ヴぇる

アトミック・ブロンドのヴぇるのレビュー・感想・評価

アトミック・ブロンド(2017年製作の映画)
3.9
ベルリンの壁崩壊辺りの時代設定の映画としか前情報としか受け取っておらず、期待感は特になく視聴したが開始5分で心を奪われた作品になった。
バイオレンスかと思えばロックの音楽と控えめな色調と最高なセンスの画角とフレームワークのおかげで入り込むことは容易であり極上の2時間を過ごすことが出来る。

また、アクションシーンでの魅せ方は抜群であり、男と女腕力の違いからハラハラさせられるのも事実だ。
個人的にお気に入りなのは敵の首に縄をかけ窓から外に飛び出し階下へ移動するシーンだ。

やはり特筆すべきはシャーリーズ・セロンの演技だろう。状況に応じての些細な仕草は違うし見ていて飽きない。
加えていえば小物の扱い方が一流だ。1番はタバコだが、煙の扱いまでもが芸術の域に達している。

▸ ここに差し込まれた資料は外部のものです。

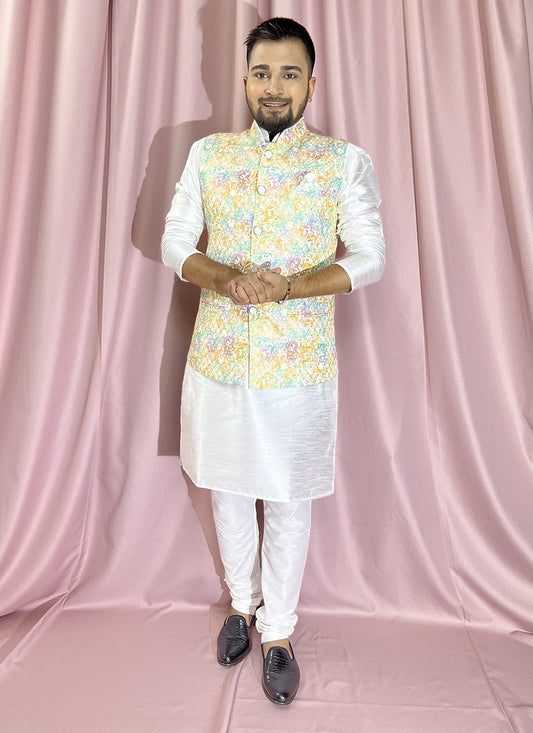 Embroidered Rayon, Silk Multi Colour, White Kurta Payjama With Jacket - M5899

ただ、シナリオに関してはそこまで度肝を抜かれる程ではなく若干の安っぽさを感じてしまったのも事実だ。
これはある意味ほかの全ての要素が素晴らしすぎたため上手く噛み合わなかったためと思われるが、バランス的に非常に難しいのだろう。

総評としては、製作者側のセンスとスパイ映画としてのスペクタクル感が見事にハマった1作であり、ある意味『ビューティフルデイ』を上手く大衆化した様な作品だと感じた。